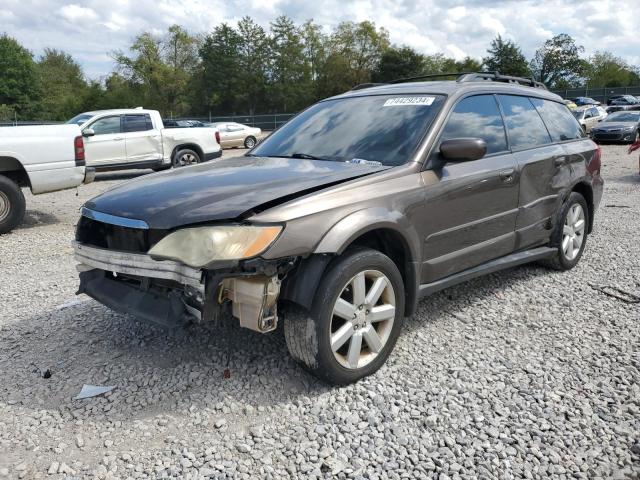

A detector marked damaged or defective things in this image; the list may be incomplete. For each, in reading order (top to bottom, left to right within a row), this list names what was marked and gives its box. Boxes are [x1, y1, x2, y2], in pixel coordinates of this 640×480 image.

dented hood [83, 155, 388, 228]
damaged brown station wagon [76, 73, 604, 384]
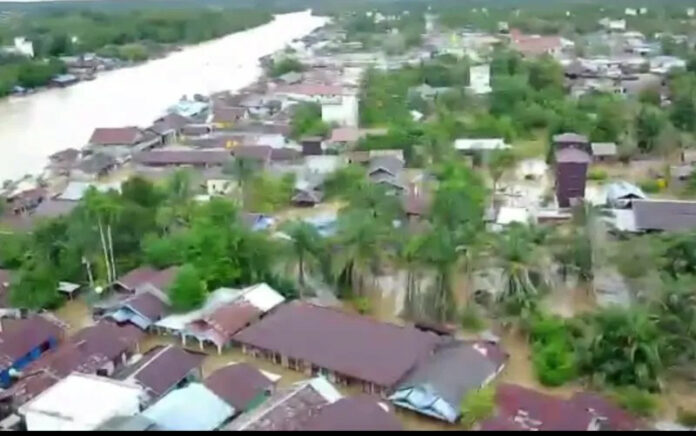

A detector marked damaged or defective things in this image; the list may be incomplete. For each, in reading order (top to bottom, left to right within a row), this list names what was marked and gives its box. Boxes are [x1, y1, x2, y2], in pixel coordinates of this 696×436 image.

rusty roof [234, 304, 440, 388]
rusty roof [204, 362, 272, 410]
rusty roof [300, 396, 402, 430]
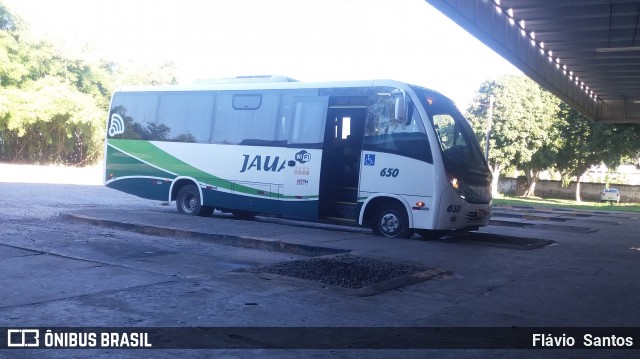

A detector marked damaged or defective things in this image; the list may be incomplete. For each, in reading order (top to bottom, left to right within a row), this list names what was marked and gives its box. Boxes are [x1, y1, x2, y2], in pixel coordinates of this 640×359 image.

asphalt patch [246, 255, 450, 296]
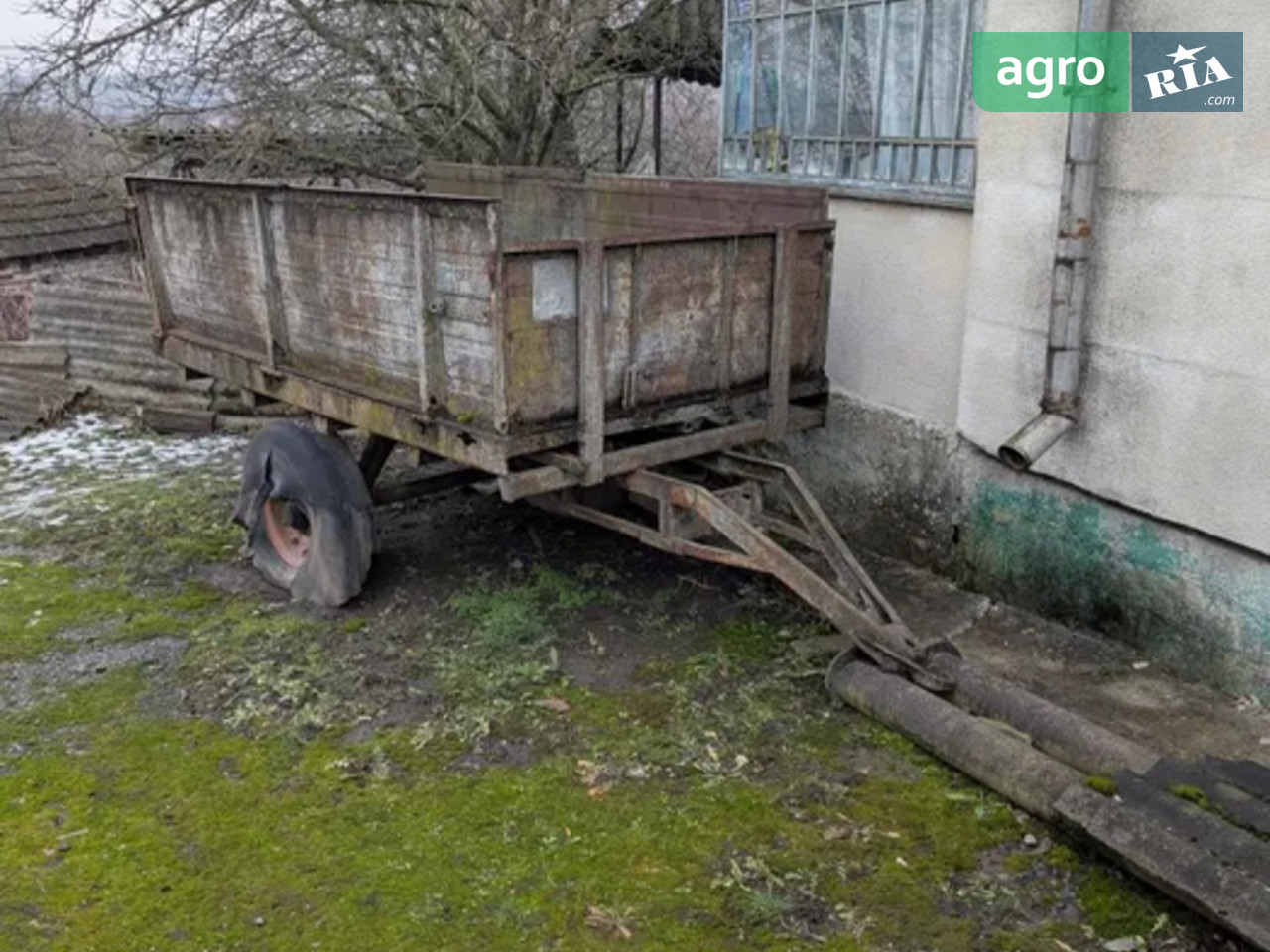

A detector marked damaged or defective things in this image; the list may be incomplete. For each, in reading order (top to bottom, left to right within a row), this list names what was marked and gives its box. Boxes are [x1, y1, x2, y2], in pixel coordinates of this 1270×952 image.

rusty metal frame [528, 454, 954, 695]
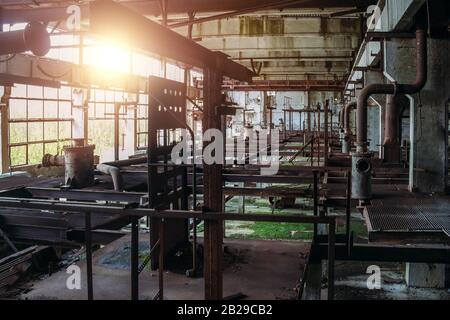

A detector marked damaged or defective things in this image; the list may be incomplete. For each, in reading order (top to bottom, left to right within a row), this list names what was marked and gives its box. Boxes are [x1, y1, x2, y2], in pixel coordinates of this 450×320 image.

rusty metal pipe [0, 21, 50, 56]
rusty metal pipe [356, 28, 428, 151]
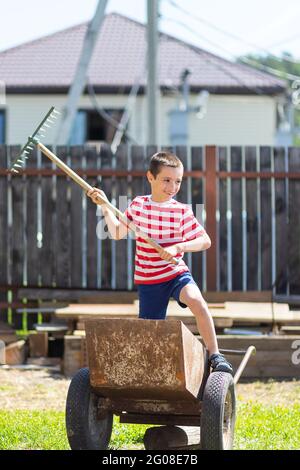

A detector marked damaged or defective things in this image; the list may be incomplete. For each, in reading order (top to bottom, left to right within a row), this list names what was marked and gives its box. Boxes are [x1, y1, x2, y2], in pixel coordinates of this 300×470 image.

rusty wheelbarrow tray [65, 318, 255, 450]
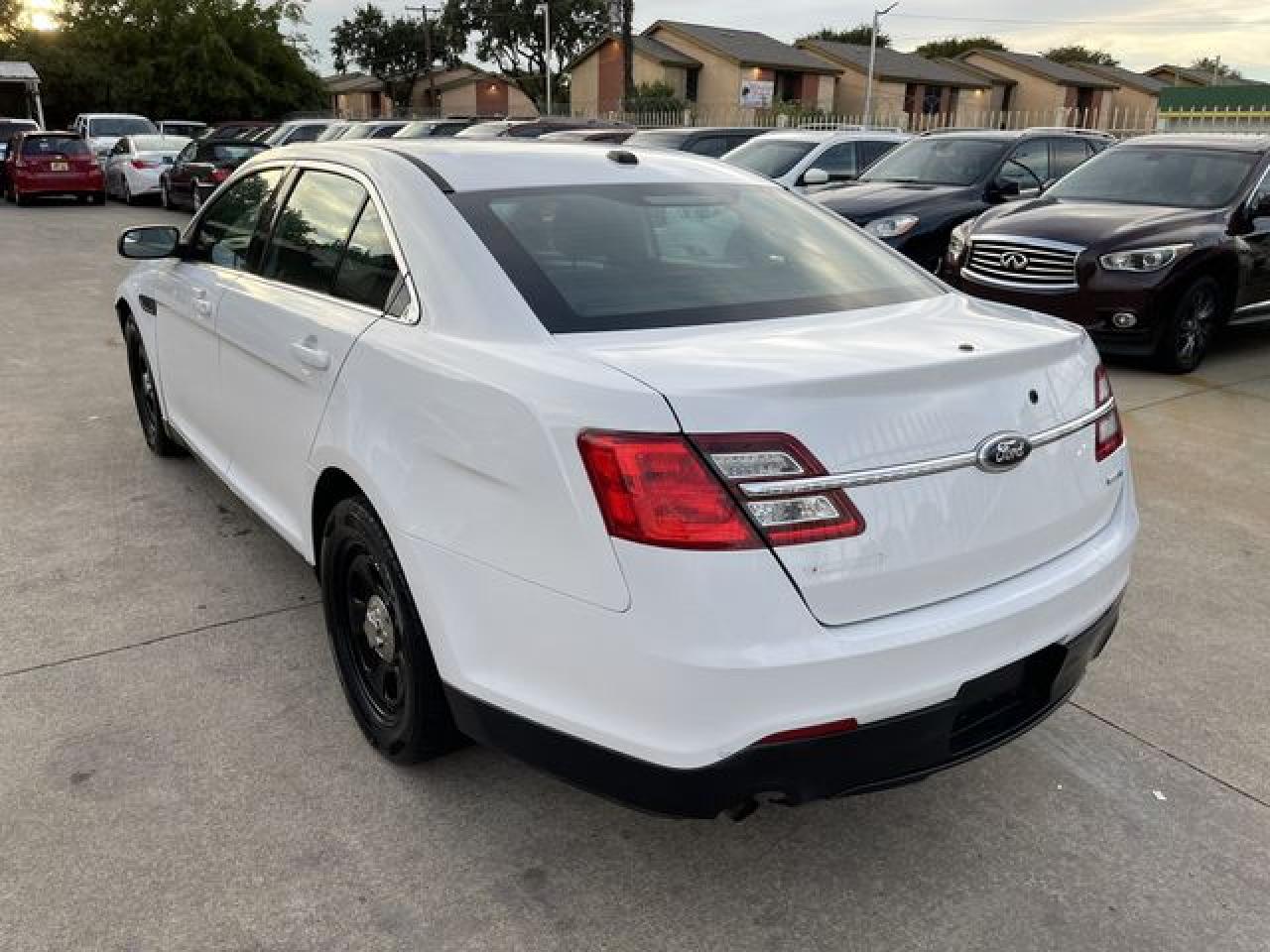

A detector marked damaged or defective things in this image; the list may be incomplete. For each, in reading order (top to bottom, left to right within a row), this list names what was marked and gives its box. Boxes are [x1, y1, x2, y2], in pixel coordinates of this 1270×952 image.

pavement crack [0, 606, 316, 680]
pavement crack [1072, 700, 1270, 812]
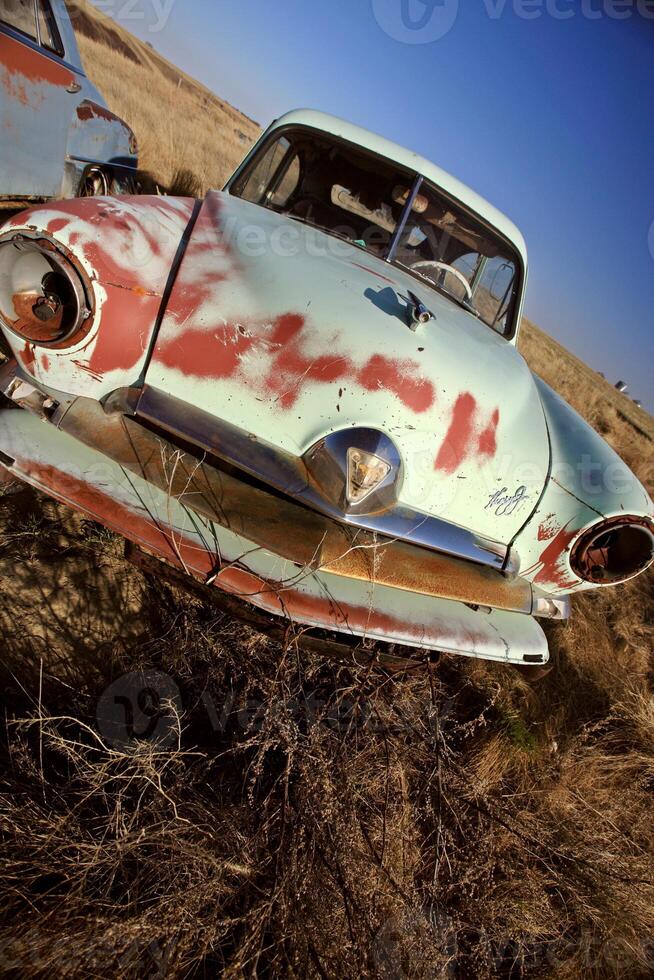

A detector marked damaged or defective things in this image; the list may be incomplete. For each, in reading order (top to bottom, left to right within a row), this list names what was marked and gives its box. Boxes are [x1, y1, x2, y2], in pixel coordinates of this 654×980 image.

abandoned car [0, 0, 137, 205]
rusty car body [0, 0, 137, 205]
abandoned car [1, 111, 654, 668]
rusty car body [1, 111, 654, 668]
rusted metal panel [0, 406, 552, 668]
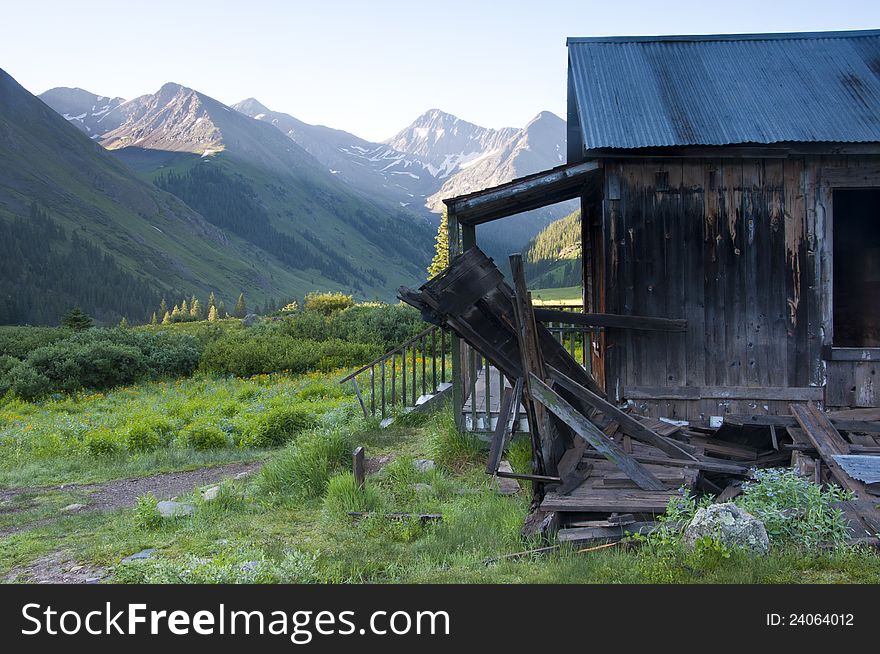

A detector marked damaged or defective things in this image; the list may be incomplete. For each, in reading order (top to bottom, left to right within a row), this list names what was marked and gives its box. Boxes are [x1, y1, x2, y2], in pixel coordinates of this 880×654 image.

rusty metal roof panel [568, 29, 880, 150]
broken wooden plank [528, 308, 688, 334]
broken wooden plank [524, 374, 664, 492]
broken wooden plank [548, 366, 696, 464]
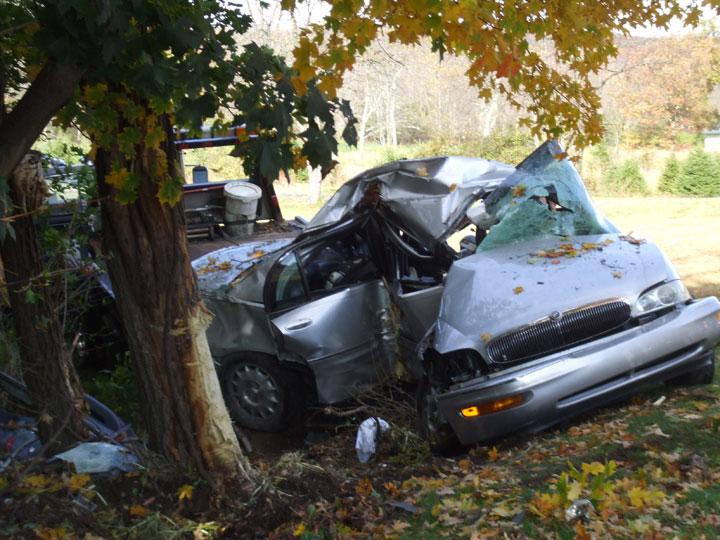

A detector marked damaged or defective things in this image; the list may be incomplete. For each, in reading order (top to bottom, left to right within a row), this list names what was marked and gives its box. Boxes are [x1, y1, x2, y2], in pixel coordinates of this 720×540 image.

shattered windshield [476, 140, 616, 252]
broken glass [478, 140, 620, 252]
crumpled hood [194, 236, 292, 296]
damaged door [266, 230, 400, 402]
severely damaged car [194, 140, 720, 448]
crumpled hood [434, 234, 680, 356]
crumpled front bumper [434, 298, 720, 446]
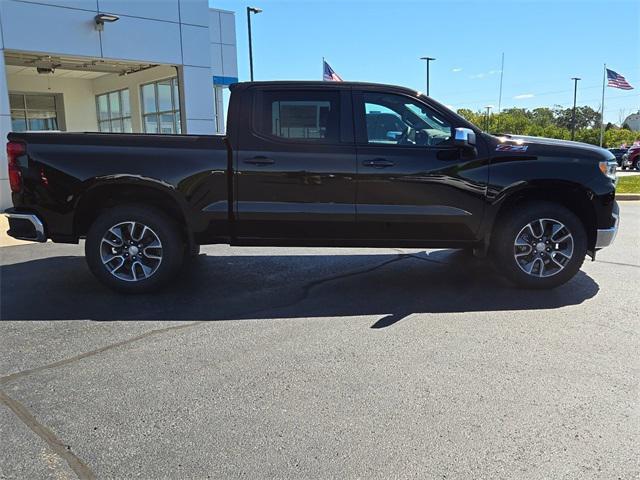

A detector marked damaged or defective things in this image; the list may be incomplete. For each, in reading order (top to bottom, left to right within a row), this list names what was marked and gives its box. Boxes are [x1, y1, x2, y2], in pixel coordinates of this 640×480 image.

pavement crack [0, 320, 202, 384]
pavement crack [0, 390, 95, 480]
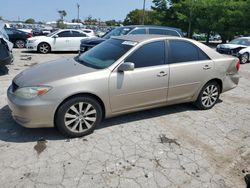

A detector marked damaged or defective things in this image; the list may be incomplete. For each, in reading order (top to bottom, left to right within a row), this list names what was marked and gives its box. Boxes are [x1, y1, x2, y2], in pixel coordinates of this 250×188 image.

cracked asphalt [0, 49, 249, 187]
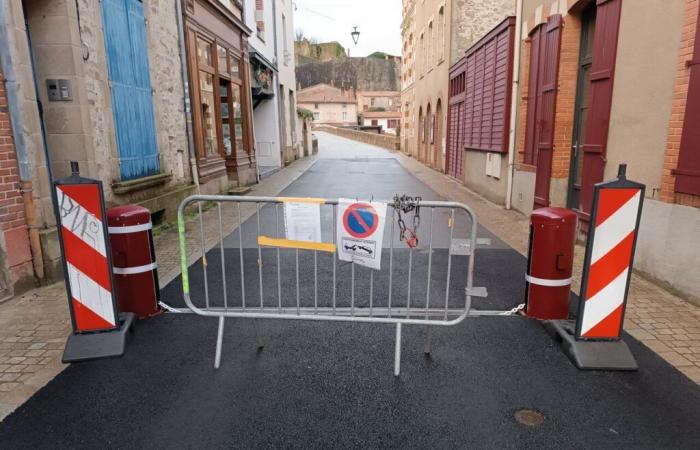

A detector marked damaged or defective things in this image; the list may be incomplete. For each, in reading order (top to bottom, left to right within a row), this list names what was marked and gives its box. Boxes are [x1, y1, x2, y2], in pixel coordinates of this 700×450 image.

fresh asphalt patch [1, 160, 700, 448]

·····

**TASK BRIEF**. Pictures don't belong in the copy. Restate all the entries exactly.

**SOLUTION TO THIS TASK**.
A detector marked damaged or defective things in this image; the list may be incomplete. For each, in reading order (top to bottom, left to right within a row), this list names what was marked and gives its box. Boxes are [x1, y1, x2, y2], in pixel coordinates of this 640×480 image.

dented hood [83, 155, 388, 228]
damaged brown station wagon [76, 73, 604, 384]

A detector marked damaged or defective things in this image; the list may be incomplete. For each, in reading order (top to bottom, left to right within a row), this list names what was marked and gives its box. Boxes are [x1, y1, x2, y2], in pixel coordinates of this 696×436 image.

rusty roof [234, 304, 440, 388]
rusty roof [204, 362, 272, 410]
rusty roof [300, 396, 402, 430]

A detector marked damaged or defective things in this image; the list may be incomplete. For each, in reading order (top to bottom, left to right within a row), this list names what was marked and gives its box. Boxes are [x1, y1, x2, y2], in pixel coordinates of this 640×359 image.

asphalt patch [246, 255, 450, 296]

A detector marked damaged or defective things in this image; the list may be incomplete. For each, in reading order (top to bottom, left to right within a row), this list names what was marked and gives its box. Boxes are [x1, y1, x2, y2], in pixel coordinates of this 1270×952 image.

rusty metal frame [528, 454, 954, 695]

A detector marked damaged or defective things in this image; the list may be incomplete. For each, in reading order (top to bottom, left to right within a row), this list names what was marked and gives its box. Boxes are [x1, y1, x2, y2], in pixel coordinates of this 450×320 image.

rusty metal pipe [0, 21, 50, 56]
rusty metal pipe [356, 28, 428, 151]

A detector marked damaged or defective things in this image; the list may be incomplete. For each, in reading order (top to bottom, left to right within a row), this list names what was marked and gives its box. Boxes are [x1, y1, x2, y2], in pixel coordinates of this 300×470 image.

rusty wheelbarrow tray [65, 318, 255, 450]

A detector marked damaged or defective things in this image; the list may be incomplete. For each, in reading order (top to bottom, left to right within a row), this list names what was marked and gives its box. Boxes are [x1, y1, x2, y2], in pixel coordinates of this 1270×952 image.

pavement crack [0, 606, 316, 680]
pavement crack [1072, 700, 1270, 812]

A detector marked damaged or defective things in this image; the list may be incomplete. For each, in reading order (top to bottom, left to right within a row), this list names what was marked and gives its box. Boxes are [x1, y1, x2, y2], in pixel coordinates of this 654×980 image.

abandoned car [0, 0, 137, 205]
rusty car body [0, 0, 137, 205]
abandoned car [1, 111, 654, 668]
rusty car body [1, 111, 654, 668]
rusted metal panel [0, 406, 552, 668]

A detector marked damaged or defective things in this image; the list may be incomplete. For each, in reading order (top to bottom, left to right within a row), this list names what was marked and gives its box. Boxes are [x1, y1, x2, y2], in pixel coordinates of this 880×654 image.

rusty metal roof panel [568, 29, 880, 150]
broken wooden plank [528, 308, 688, 334]
broken wooden plank [524, 374, 664, 492]
broken wooden plank [548, 366, 696, 464]

A detector marked damaged or defective things in this image; the list may be incomplete. For each, in reading order (top to bottom, left to right within a row), this list names what was marked and gives its box. Boxes are [x1, y1, x2, y2], in pixel coordinates of this 720×540 image.

shattered windshield [476, 140, 616, 252]
broken glass [478, 140, 620, 252]
crumpled hood [194, 236, 292, 296]
damaged door [266, 230, 400, 402]
severely damaged car [194, 140, 720, 448]
crumpled hood [434, 234, 680, 356]
crumpled front bumper [434, 298, 720, 446]

A detector marked damaged or defective things in this image; the list may be incomplete. For each, in reading order (top to bottom, left to right within a row), this list names what was marked and gives its box. Boxes are [x1, y1, x2, y2], in pixel coordinates of this 640×480 image.

pavement crack [0, 320, 202, 384]
pavement crack [0, 390, 95, 480]

A detector marked damaged or defective things in this image; the list may be incomplete. For each, in reading order (top to bottom, left to right within a row), this list names what was marked and gives its box. Boxes are [x1, y1, x2, y2], in pixel coordinates of this 250×188 image.

cracked asphalt [0, 49, 249, 187]

A detector marked damaged or defective things in this image; the list may be incomplete. For each, in reading order (top to bottom, left to right within a row), this list names what was marked and gives its box. Boxes are [x1, y1, x2, y2], in pixel coordinates of this 700×450 image.

fresh asphalt patch [1, 160, 700, 448]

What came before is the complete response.